Every October in Alaska’s remote Pribilof Islands, thousands of four-month-old northern fur seals take to the frigid waters of the Bering Sea. They don’t return for nearly two years. Exactly how they survive in those first two years remains a mystery, but scientists do know it is a critical period for growth and survival.If a young fur seal can find enough energy-rich food in summer, it can endure the scarce winter months. But how much food is enough, and what kinds of fish are best? Can we predict how much food an entire population might need?
These questions are at the heart of a new Consortium study that examines the digestive capacity of young northern fur seals. The study, published in the Canadian Journal of Zoology, gathered important baseline estimates of the maximum food intake levels of young fur seals, in summer and winter, and the consequences of differences in food intake during these seasons.
“Young animals are usually living on the edge at the best of times, and it doesn’t take much to push them over that edge so that they don’t survive,” says Dr. David Rosen (UBC Marine Mammal Research Unit), the study’s lead author. “This study gives us a better idea of where that edge might be and what might push them over it.”
Satiation Study
Over three months, six female northern fur seals housed at the Vancouver Aquarium were given unlimited access to Pacific herring for eight hours a day.
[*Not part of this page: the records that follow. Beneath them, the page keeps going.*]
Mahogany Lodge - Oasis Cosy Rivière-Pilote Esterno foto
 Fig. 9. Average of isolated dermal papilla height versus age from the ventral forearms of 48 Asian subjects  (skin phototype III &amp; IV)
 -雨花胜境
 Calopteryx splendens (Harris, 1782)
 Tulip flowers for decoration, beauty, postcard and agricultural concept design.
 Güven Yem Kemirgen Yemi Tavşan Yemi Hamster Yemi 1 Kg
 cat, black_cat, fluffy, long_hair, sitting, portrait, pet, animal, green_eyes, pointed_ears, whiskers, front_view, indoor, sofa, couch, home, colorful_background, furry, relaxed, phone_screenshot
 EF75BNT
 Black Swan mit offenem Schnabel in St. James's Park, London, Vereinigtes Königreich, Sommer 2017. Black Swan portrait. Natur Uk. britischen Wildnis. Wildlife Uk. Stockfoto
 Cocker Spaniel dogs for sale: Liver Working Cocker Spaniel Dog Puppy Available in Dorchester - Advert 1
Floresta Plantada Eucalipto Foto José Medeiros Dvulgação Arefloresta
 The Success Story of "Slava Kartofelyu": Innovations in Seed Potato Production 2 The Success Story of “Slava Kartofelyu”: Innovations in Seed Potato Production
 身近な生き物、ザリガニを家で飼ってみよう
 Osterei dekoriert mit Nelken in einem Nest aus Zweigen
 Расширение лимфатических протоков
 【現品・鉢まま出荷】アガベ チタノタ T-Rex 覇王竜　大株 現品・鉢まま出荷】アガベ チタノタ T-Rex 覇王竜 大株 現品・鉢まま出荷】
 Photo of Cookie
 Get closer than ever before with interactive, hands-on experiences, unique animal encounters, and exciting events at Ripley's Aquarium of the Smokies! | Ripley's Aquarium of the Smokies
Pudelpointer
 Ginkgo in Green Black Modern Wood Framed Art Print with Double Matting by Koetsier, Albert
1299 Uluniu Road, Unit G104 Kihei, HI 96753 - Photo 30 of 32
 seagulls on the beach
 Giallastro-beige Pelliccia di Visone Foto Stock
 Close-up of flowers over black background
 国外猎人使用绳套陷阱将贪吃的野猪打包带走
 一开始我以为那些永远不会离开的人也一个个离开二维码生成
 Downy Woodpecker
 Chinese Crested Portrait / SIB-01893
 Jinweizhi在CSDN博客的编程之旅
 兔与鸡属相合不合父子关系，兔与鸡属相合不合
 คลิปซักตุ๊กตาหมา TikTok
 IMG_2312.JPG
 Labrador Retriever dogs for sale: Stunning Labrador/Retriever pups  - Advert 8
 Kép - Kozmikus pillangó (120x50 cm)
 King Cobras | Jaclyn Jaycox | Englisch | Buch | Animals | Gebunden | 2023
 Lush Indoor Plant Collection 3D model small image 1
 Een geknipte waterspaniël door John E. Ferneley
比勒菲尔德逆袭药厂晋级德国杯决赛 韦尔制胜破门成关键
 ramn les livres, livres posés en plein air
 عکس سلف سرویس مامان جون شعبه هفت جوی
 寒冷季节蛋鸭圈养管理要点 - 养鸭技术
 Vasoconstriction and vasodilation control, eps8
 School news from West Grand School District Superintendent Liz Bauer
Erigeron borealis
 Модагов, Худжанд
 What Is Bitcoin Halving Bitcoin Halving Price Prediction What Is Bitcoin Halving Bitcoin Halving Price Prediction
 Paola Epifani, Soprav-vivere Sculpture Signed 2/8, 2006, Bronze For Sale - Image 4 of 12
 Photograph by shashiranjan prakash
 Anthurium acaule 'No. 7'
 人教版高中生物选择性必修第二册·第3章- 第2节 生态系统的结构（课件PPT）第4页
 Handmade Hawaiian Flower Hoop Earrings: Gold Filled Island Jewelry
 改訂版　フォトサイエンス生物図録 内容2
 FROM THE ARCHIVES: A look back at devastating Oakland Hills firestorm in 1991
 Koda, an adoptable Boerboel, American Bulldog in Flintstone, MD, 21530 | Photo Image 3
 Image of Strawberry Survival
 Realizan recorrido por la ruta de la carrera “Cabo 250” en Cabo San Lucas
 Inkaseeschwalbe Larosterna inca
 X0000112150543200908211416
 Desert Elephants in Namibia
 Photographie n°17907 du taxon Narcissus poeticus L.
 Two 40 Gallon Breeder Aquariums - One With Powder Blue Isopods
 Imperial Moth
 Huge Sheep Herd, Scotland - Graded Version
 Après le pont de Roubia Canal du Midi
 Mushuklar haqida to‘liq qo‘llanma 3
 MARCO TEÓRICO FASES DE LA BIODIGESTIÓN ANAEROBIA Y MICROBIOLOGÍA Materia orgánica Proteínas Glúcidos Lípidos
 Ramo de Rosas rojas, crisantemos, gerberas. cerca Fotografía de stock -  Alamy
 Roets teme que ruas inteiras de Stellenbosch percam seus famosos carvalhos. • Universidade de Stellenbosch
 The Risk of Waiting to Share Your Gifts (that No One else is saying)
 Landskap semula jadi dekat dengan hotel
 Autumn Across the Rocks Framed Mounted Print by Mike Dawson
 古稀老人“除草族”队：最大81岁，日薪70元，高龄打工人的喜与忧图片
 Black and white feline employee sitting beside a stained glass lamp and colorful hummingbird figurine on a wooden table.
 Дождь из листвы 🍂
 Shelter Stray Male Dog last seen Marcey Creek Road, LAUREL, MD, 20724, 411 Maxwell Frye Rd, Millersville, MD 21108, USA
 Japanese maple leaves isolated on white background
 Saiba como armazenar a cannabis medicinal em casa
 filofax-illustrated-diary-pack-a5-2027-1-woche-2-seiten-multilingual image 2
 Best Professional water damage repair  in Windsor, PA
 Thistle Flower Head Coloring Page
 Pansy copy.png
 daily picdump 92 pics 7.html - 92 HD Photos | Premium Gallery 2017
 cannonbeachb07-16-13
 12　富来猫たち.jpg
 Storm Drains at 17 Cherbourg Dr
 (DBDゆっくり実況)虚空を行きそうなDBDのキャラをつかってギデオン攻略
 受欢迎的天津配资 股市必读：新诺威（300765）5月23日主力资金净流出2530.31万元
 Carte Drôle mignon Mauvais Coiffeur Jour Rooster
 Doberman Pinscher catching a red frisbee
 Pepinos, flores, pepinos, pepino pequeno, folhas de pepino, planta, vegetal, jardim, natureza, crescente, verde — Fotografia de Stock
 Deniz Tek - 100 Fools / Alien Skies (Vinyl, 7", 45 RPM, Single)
The seals were divided into two groups that were fed either daily or every other day, allowing Rosen and colleagues to study the effects of periodic interruptions in their food supply.The feeding trials were replicated in summer, when the seals were 10-13 months old, and in winter, when the seals were 17-19 months old.
The study produced three key results. First, the seals appeared to be satiated (or “full”) after consuming about 26% of their body mass in herring in summer, and 20% in winter. Rosen compares this to a food buffet: although people stack their plates full, there’s a limit to how much they can actually eat. The seals consistently ate the same amount in both seasons (2.9 kg/day), but Rosen says the consumption relative to body mass appears lower in winter because they typically weigh more in winter.
Second, the seals that fasted on alternate days did not eat more on feeding days to compensate for not eating the day before. The constant rate of feeding between the daily group and the alternating group was a surprise—the scientists had expected the seals to respond to an interruption in their food supply by eating more.
Third, the seals gained less weight in winter than in summer, despite an unlimited food supply and consistent feeding rates in both seasons. “Surprisingly, when the seals ate more food, they didn’t convert that into growth very efficiently,” says Rosen, pointing out that growth is not just regulated by how much food is eaten, but also by how their physiology uses that food.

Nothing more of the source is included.